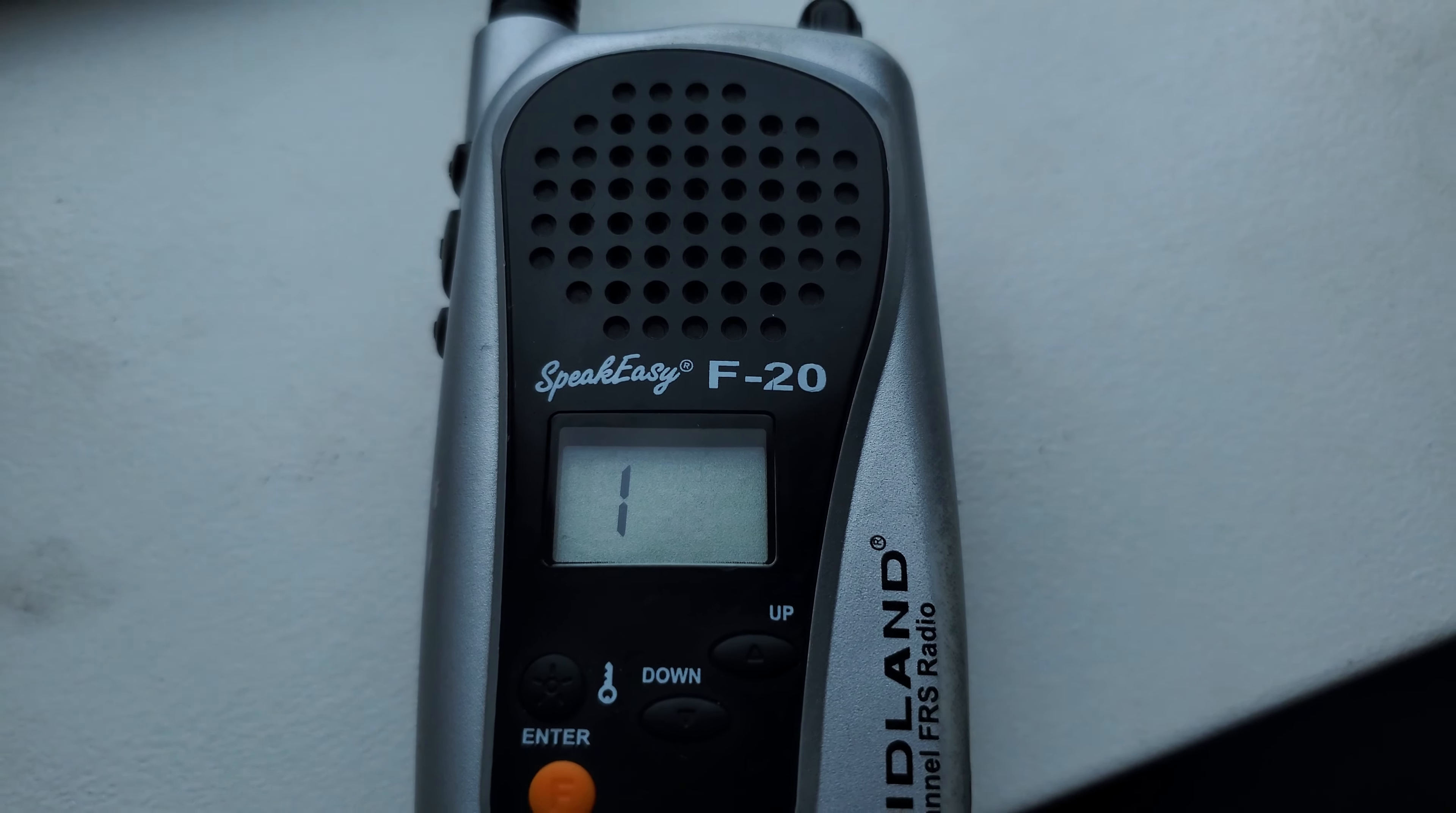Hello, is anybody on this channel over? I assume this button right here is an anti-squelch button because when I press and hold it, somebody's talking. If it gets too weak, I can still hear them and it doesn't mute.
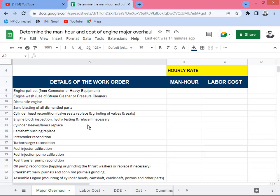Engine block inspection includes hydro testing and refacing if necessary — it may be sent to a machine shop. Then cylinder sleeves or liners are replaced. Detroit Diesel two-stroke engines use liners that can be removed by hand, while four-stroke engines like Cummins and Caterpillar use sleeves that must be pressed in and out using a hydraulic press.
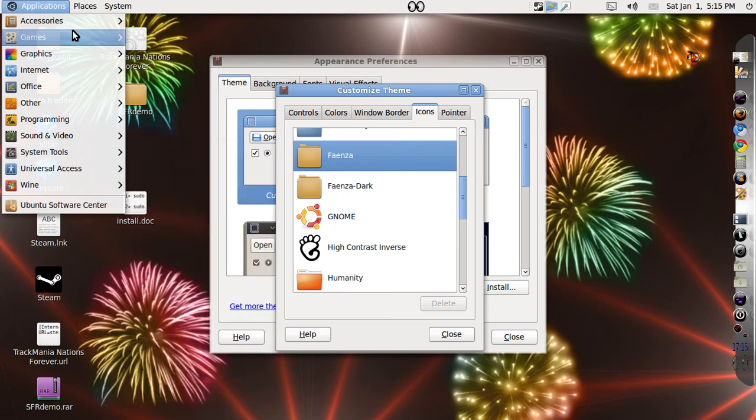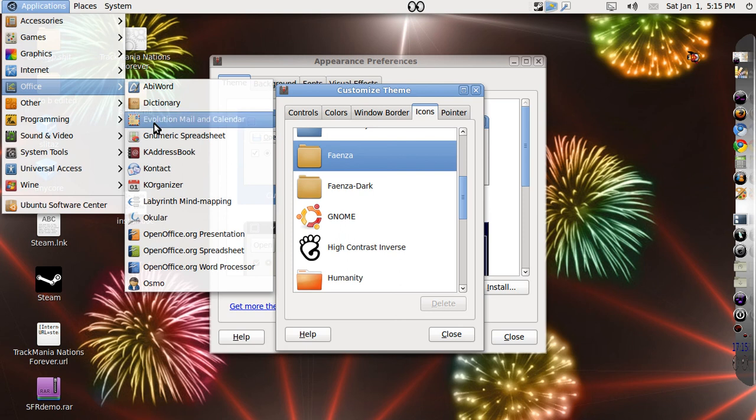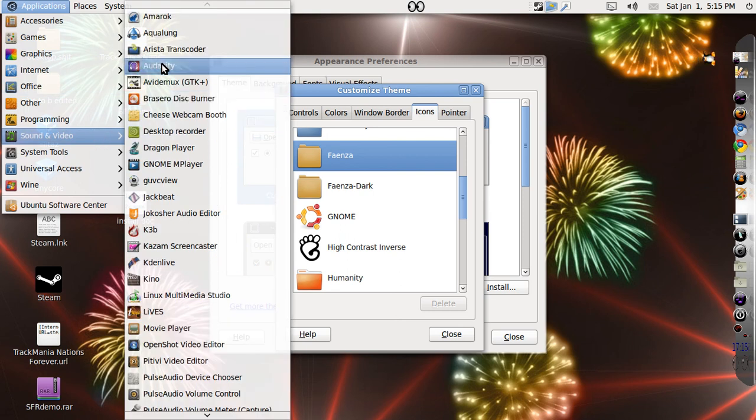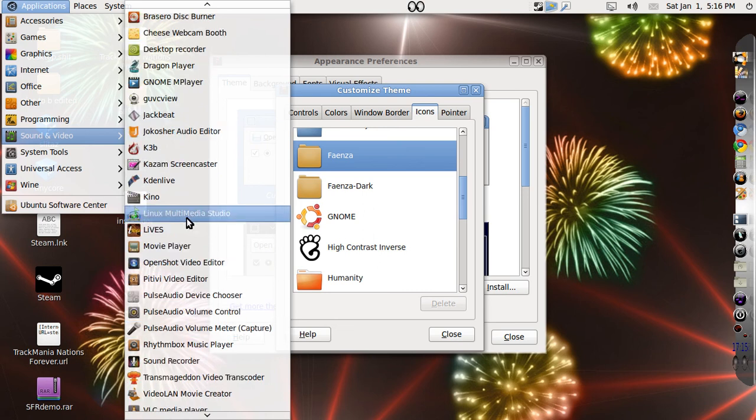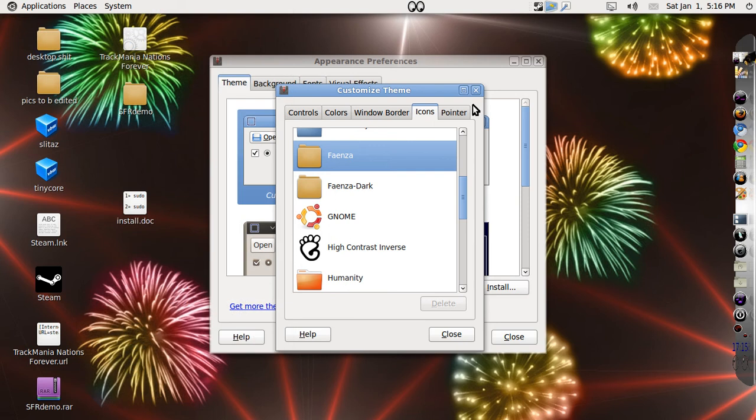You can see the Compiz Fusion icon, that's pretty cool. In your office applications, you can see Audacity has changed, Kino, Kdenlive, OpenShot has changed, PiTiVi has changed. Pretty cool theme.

**What the exercise asks**
Repeat the data exactly in full, omitting its pictures.

**Your response**
Hello, is anybody on this channel over? I assume this button right here is an anti-squelch button because when I press and hold it, somebody's talking. If it gets too weak, I can still hear them and it doesn't mute.
Engine block inspection includes hydro testing and refacing if necessary — it may be sent to a machine shop. Then cylinder sleeves or liners are replaced. Detroit Diesel two-stroke engines use liners that can be removed by hand, while four-stroke engines like Cummins and Caterpillar use sleeves that must be pressed in and out using a hydraulic press.
You can see the Compiz Fusion icon, that's pretty cool. In your office applications, you can see Audacity has changed, Kino, Kdenlive, OpenShot has changed, PiTiVi has changed. Pretty cool theme.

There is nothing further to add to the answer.